|
-
Mar 16th, 2021, 09:28 AM
#1
Thread Starter
Addicted Member
Help needed translating c# code
Hi
I've been trying to translate some example itext code into vb.net for a few days now.
Link is here
The code is to grab text from a specified area of a pdf and only if it's a specified font. I'm trying to use this to separate out some text that has some other text beneath it in a different font.
The code on the page is available in c# and java, but I only know vb.net, so I've had to copy and paste into online translators like carloslag and that's taken me to the point where I can extract by font, but the specified area is being ignored and I'm getting all the text in the pdf with the specified font.
I could post what I've done so far, but I thought it might be better for someone to look at this from scratch. If it would help to post what I've done I'll happily do so.

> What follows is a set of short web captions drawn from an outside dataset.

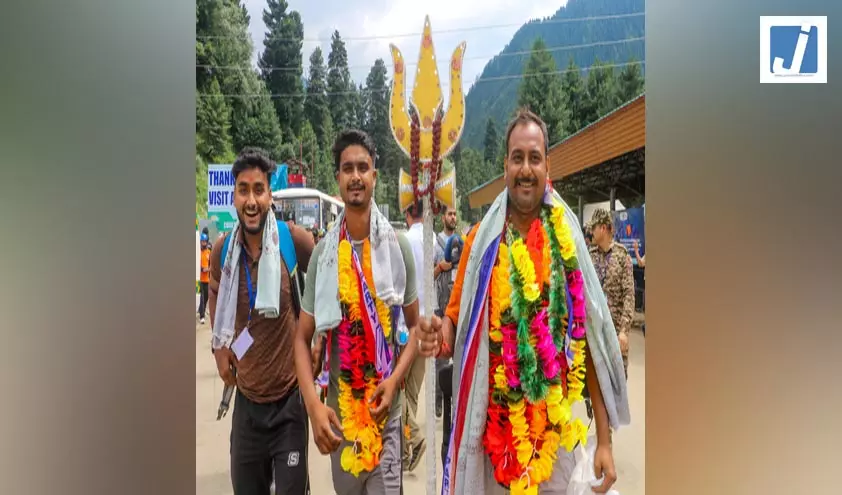 अमरनाथ यात्रा 2026: 11 दिनों में 2.75 लाख से अधिक श्रद्धालुओं ने किए दर्शन अमरनाथ यात्रा 2026: 11 दिनों में 2.75 लाख से अधिक श्रद्धालुओं ने किए दर्शन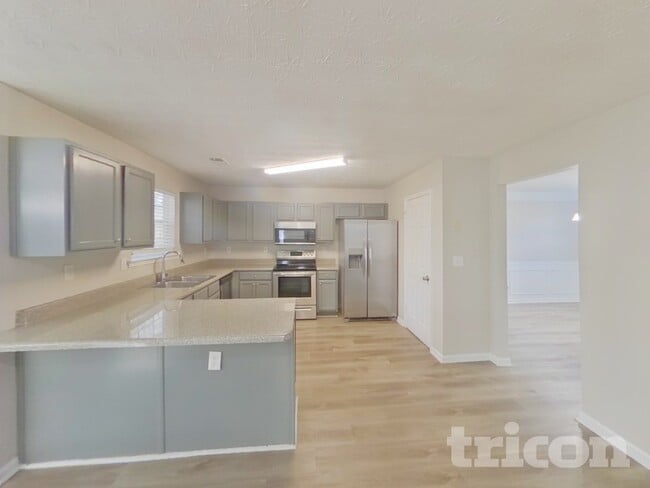 Building Photo - 133 Rolling Meadows Ct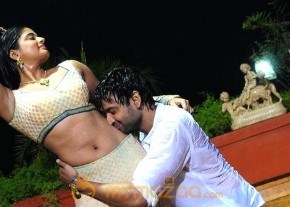 Raaj Movie Latest Stills photo 19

Please help - I'm really struggling with this as I don't have sufficient knowledge of either c# OR itext!
The c# code is below.
Code:
using System;
using System.IO;
using iText.Kernel.Font;
using iText.Kernel.Geom;
using iText.Kernel.Pdf;
using iText.Kernel.Pdf.Canvas.Parser;
using iText.Kernel.Pdf.Canvas.Parser.Data;
using iText.Kernel.Pdf.Canvas.Parser.Filter;
using iText.Kernel.Pdf.Canvas.Parser.Listener;
namespace iText.Samples.Sandbox.Parse
{
public class ParseCustom
{
public static readonly String DEST = "results/txt/parse_custom.txt";
public static readonly String SRC = "../../../resources/pdfs/nameddestinations.pdf";
public static void Main(String[] args)
{
FileInfo file = new FileInfo(DEST);
file.Directory.Create();
new ParseCustom().ManipulatePdf(DEST);
}
public virtual void ManipulatePdf(String dest)
{
PdfDocument pdfDoc = new PdfDocument(new PdfReader(SRC));
Rectangle rect = new Rectangle(36, 750, 523, 56);
CustomFontFilter fontFilter = new CustomFontFilter(rect);
FilteredEventListener listener = new FilteredEventListener();
// Create a text extraction renderer
LocationTextExtractionStrategy extractionStrategy = listener
.AttachEventListener(new LocationTextExtractionStrategy(), fontFilter);
// Note: If you want to re-use the PdfCanvasProcessor, you must call PdfCanvasProcessor.reset()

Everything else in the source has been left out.